Vista así, la Revolución Americana fue una operación genial y los Padres de la Patria se merecen el respetuoso tributo que han recibido a lo largo de los siglos. Crearon el sistema más efectivo de control nacional diseñado en la edad moderna y demostraron a las futuras generaciones de líderes las ventajas que surgen de la combinación del paternalismo y del autoritarismo.
Después de la virginiana Rebelión de Bacon, en 1760, se produjeron dieciocho nuevos intentos de derrocar a los gobiernos coloniales. También hubo ocho revueltas de negros en Carolina del Sur y Nueva York, y cuarenta algaradas de diferente naturaleza.
Entonces también surgieron, según Jack Greene, “élites políticas y sociales locales de carácter estable, coherente, efectivo y respetado”. En 1760, este liderazgo local vio la posibilidad de dirigir a una gran parte de las energías rebeldes contra Inglaterra y sus representantes oficiales locales. No fue un complot conspicuo, sino un cúmulo de respuestas tácticas.
Después de 1763, con la victoria de Inglaterra sobre Francia en la
Guerra de los Siete Años (que en América se conoce como la Guerra de los Franceses y los Indios) -la cual conllevó la expulsión de los franceses- los ambiciosos líderes coloniales ya no sentían la amenaza francesa. Ahora sólo les quedaban dos rivales: los ingleses y los indios. Los británicos, con el afán de ganarse a los indios, habían declarado zona prohibida las tierras indias más allá de los montes Apalaches (Proclamación de 1763). Una vez despachados los ingleses, quizás podrían ir a por los indios. De nuevo no estamos hablando de una estrategia premeditada de la élite colonial, sino de un proceso de concienciación a medida que se producían los acontecimientos.
Tras la derrota de los franceses, el gobierno británico pudo dedicarse a apretar las tuercas a las colonias. Necesitaba dinero para pagar la guerra, y para ello contaba con las colonias. Además el comercio colonial tenía cada vez más importancia y era más provechoso para la economía británica: en 1700 equivalía a unas 500.000 libras, y en 1770 ya ascendía a 2 800.000 libras
Por lo tanto, mientras que los ingleses necesitaban cada vez más la riqueza colonial, los líderes americanos estaban cada vez más desencantados con el mando inglés. Estaban sembradas las semillas del conflicto.
La guerra con Francia había traído gloria para los generales, muerte a los soldados rasos, riqueza para los comerciantes y desempleo para los pobres. Al acabar la guerra, vivían 25.000 personas en Nueva York (en 1720 había 7.000). Un director de diario escribió acerca de la cifra cada vez mayor de “mendigos y pobres vagabundos” en las calles de la ciudad.

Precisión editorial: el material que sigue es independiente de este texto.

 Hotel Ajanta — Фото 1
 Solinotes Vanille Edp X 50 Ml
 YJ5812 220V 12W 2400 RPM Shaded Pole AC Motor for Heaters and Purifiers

Salían cartas en la prensa que cuestionaban la distribución de la riqueza: “¿Cuándo habíamos visto nuestras calles tan repletas de miles de barriles de harina para el comercio mientras nuestros más inmediatos vecinos a duras penas pueden ganarse un pastelito para satisfacer su hambre?”.
El estudio de Gary Nash sobre los listados de impuestos municipales demuestra que al inicio de la década de 1770, el 5% más potente de los contribuyentes bostonianos controlaba el 49% de los bienes imponibles de la ciudad. En Filadelfia y Nueva York, la riqueza estaba cada día más concentrada. Los testamentos documentados en los juzgados demuestran que en 1750 los habitantes más ricos de las ciudades ya legaban 20.000 libras (el equivalente a 2,5 millones de dólares actuales).
En Boston las clases populares empezaban a usar las reuniones municipales para dar salida a sus quejas El gobernador de Massachusetts había escrito que en estas reuniones, “los habitantes más viles… debido a su constante presencia, normalmente están en mayoría y sus votos cuentan más que los de los caballeros, los comerciantes, los negociantes y la parte más noble de la ciudadanía».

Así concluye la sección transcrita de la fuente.